Doğu tarafı sonradan Osmanlı döneminde medreseye çevrilmiştir. Ribat’ın ilginç özelliklerinden biri Ortaçağ, Antik Yunan ve İslam mimarisini bir arada görebiliyor oluşunuzdur. Ribat’ın bulunduğu mahalle en eski yerleşim yerlerinden biri olan Medina’dır. UNESCO Dünya Mirası listesinde yer alan Medina şehri ve kültürü anlamak açısından önemlidir.

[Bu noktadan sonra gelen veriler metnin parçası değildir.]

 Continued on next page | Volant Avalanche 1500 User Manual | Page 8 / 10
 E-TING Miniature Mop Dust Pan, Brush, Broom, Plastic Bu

Ayrıca Ribat’ın hemen karşısında yer alan Sousse Ulu Camii çok önemli bir yapıdır. Cami, Ağlebî döneminde MS 851 yılında I. Muhammed bin el-Ağleb tarafından inşa edilmiş olup tarihi kent merkezinde yer almaktadır. Erken İslam döneminde Ağlebîler mimarisinin önemli bir anıtıdır. Merkezi önemli yapılarla ve kültürle bezeli bu şehir gelenekselliğinin yanı sıra plajları ve gece hayatı gibi turistik aktiviteleriyle yaz dönemlerinde turistlerin ilgi odağı oluyor.

SOUSSE ULU CAMİ

Ayrıca Medina’nın hemen yanında bulunan Arkeoloji müzesini gezmnizi öneririm. Dünyanın ikinci en büyük mozaik koleksiyonunu barındıran bu müze dünya tarihini ve kültürünü anlamak açısından da oldukça önemlidir.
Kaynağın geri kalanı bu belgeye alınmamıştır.